I have a problem with my javascript. First of all here is my code partitions:
<select class="inputTxt" style="width: 120px;" id="yearCombo" name="yearCombo">
<option value="0">2013</option>
<option value="1">2012</option>
<option value="2">2011</option>
</select>
function searchClicked() {
var operationField = document.getElementById("<%=FeedbackReportCtrl.PARAM_OPERATION%>");
operationField.value = "<%=FeedbackReportCtrl.OPERATION_SEARCH%>";
var yearFilter = document.getElementById("<%=FeedbackReportCtrl.PARAM_YEARFILTER%>");
yearFilter.value = document.getElementById("yearCombo").options[document.getElementById("yearCombo").selectedIndex].text;
var mainForm = document.getElementById("main");
mainForm.submit();
}
Here what goes wrong is the following;
For example, when I choose the year 2011 from the combo box and then hit the search button, it brings me the desired results;however, the selected index of the box returns back to 2013. How can I sustain my selection after search function?

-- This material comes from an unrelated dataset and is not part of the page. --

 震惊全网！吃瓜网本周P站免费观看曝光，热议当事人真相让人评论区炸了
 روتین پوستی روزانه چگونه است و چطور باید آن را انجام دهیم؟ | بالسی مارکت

The issue you have isn't a javascript one. When you submit a form you refresh the whole page, removing any client-side (user or javascript) adjustments to it.
It should be set by the php/java that is generating the page you post your form to, to set a selected="selected" or relevant, based on the value you just posted.
In php this would be
if($_POST['year'] == '2013') echo ' selected="selected"';
In java or jsp there are similar ways of doing this. Javascript itself could do the same probably.
Submitting the form refreshes the page (unless done via AJAX), thus returning to the default selected value, i.e the first one.
To overcome this you need to send along with the form the chosen year - assuming that you are self-submitting - and explicitly mark this year as the selected option.
In PHP Your code would then be something like:
<?php $year = $_POST['year']; ?>
<select class="inputTxt" style="width: 120px;" id="yearCombo" name="yearCombo">
<?php for ($i=2013;$i>2010;$i--): ?>
<option value="<?php echo $i; ?>" <?php if ($year==$i) echo "selected"; ?> >
<?php echo $i; ?>
</option>
<?php endfor; ?>
</select>